What you should do:
Please restate the entries verbatim. The copy should hold no pictures.

Information given:
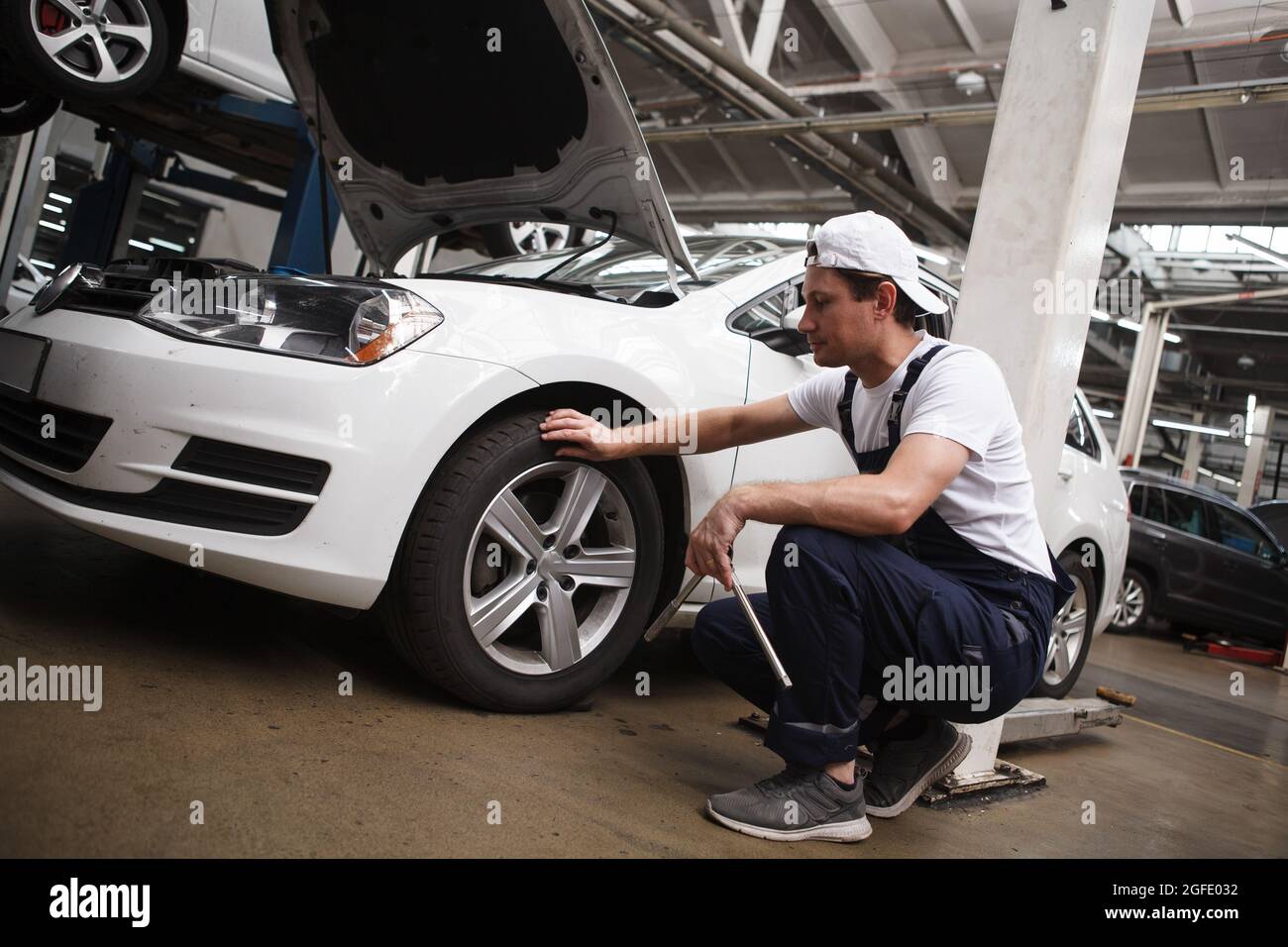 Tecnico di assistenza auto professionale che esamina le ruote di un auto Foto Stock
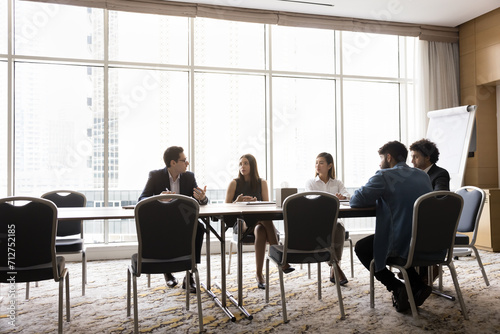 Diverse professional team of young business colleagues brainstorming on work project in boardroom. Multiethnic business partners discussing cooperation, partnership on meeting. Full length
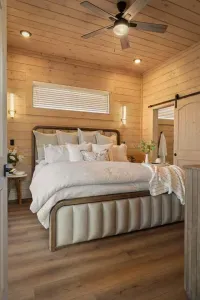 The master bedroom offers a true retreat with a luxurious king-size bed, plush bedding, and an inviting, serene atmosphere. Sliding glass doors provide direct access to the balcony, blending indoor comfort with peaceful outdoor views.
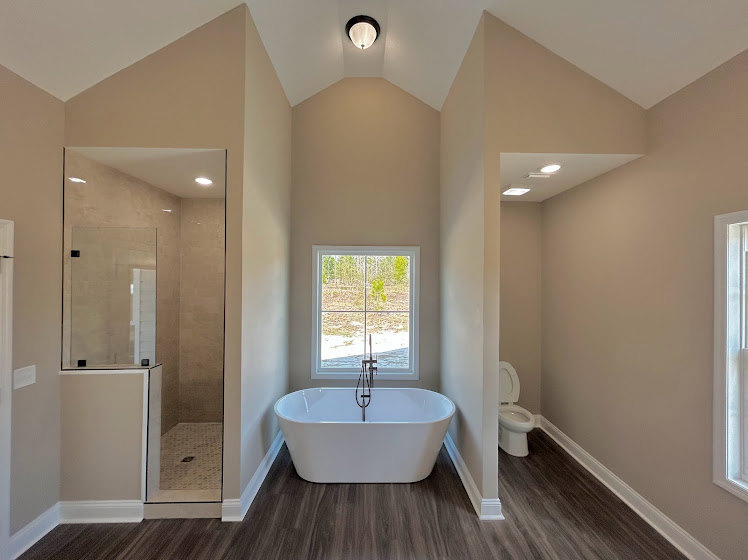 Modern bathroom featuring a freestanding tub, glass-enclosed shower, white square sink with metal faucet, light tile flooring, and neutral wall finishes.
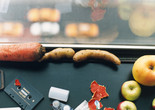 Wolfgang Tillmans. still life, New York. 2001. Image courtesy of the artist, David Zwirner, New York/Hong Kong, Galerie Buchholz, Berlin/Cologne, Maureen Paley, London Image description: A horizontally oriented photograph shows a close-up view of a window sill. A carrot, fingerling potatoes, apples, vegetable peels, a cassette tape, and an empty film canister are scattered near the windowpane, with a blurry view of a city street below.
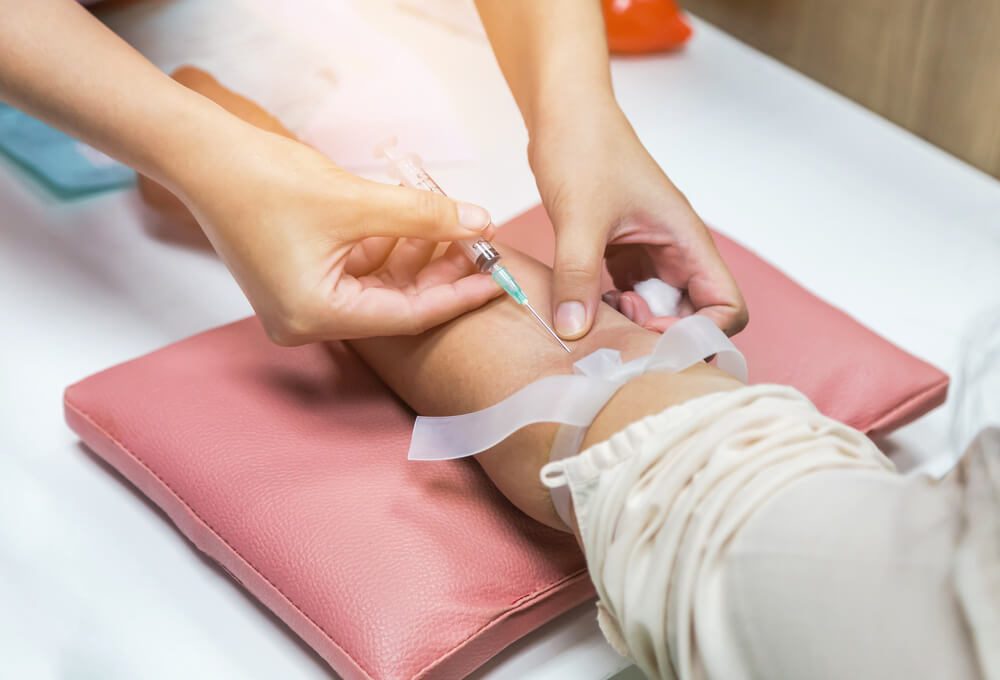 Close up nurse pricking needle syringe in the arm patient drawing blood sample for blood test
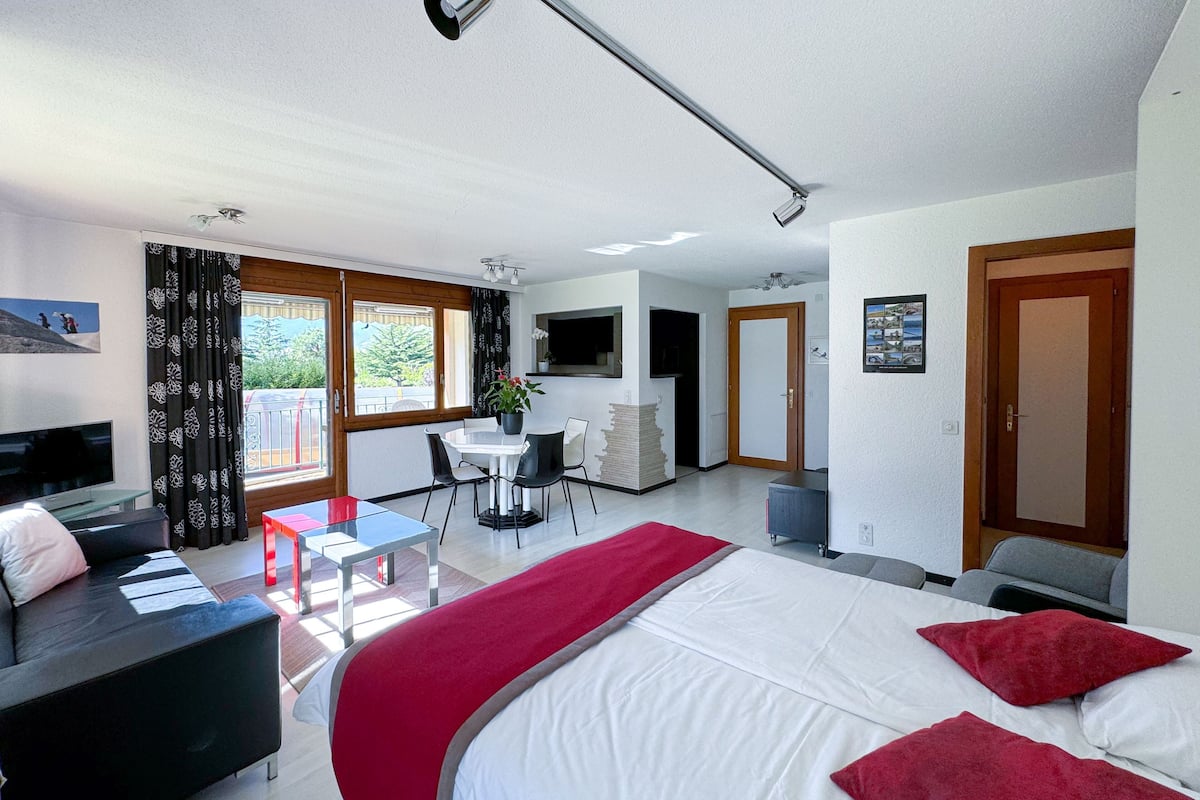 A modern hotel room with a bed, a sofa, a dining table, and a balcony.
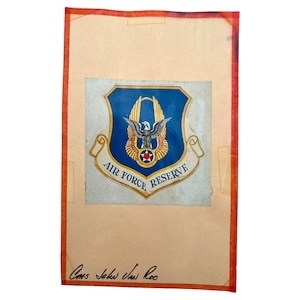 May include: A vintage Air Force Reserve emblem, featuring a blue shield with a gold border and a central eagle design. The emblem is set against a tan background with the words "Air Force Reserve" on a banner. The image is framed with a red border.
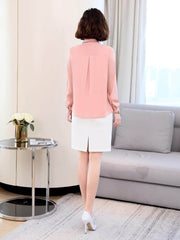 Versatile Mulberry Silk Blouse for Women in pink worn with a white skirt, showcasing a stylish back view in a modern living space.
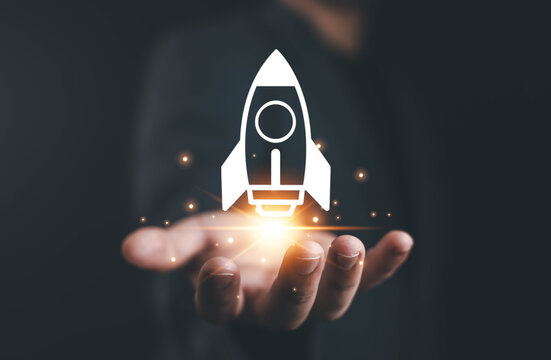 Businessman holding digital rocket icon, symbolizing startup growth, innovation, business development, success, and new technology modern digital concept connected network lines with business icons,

Solution:
 Tecnico di assistenza auto professionale che esamina le ruote di un auto Foto Stock
 Diverse professional team of young business colleagues brainstorming on work project in boardroom. Multiethnic business partners discussing cooperation, partnership on meeting. Full length
 The master bedroom offers a true retreat with a luxurious king-size bed, plush bedding, and an inviting, serene atmosphere. Sliding glass doors provide direct access to the balcony, blending indoor comfort with peaceful outdoor views.
 Modern bathroom featuring a freestanding tub, glass-enclosed shower, white square sink with metal faucet, light tile flooring, and neutral wall finishes.
 Wolfgang Tillmans. still life, New York. 2001. Image courtesy of the artist, David Zwirner, New York/Hong Kong, Galerie Buchholz, Berlin/Cologne, Maureen Paley, London Image description: A horizontally oriented photograph shows a close-up view of a window sill. A carrot, fingerling potatoes, apples, vegetable peels, a cassette tape, and an empty film canister are scattered near the windowpane, with a blurry view of a city street below.
 Close up nurse pricking needle syringe in the arm patient drawing blood sample for blood test
 A modern hotel room with a bed, a sofa, a dining table, and a balcony.
 May include: A vintage Air Force Reserve emblem, featuring a blue shield with a gold border and a central eagle design. The emblem is set against a tan background with the words "Air Force Reserve" on a banner. The image is framed with a red border.
 Versatile Mulberry Silk Blouse for Women in pink worn with a white skirt, showcasing a stylish back view in a modern living space.
 Businessman holding digital rocket icon, symbolizing startup growth, innovation, business development, success, and new technology modern digital concept connected network lines with business icons,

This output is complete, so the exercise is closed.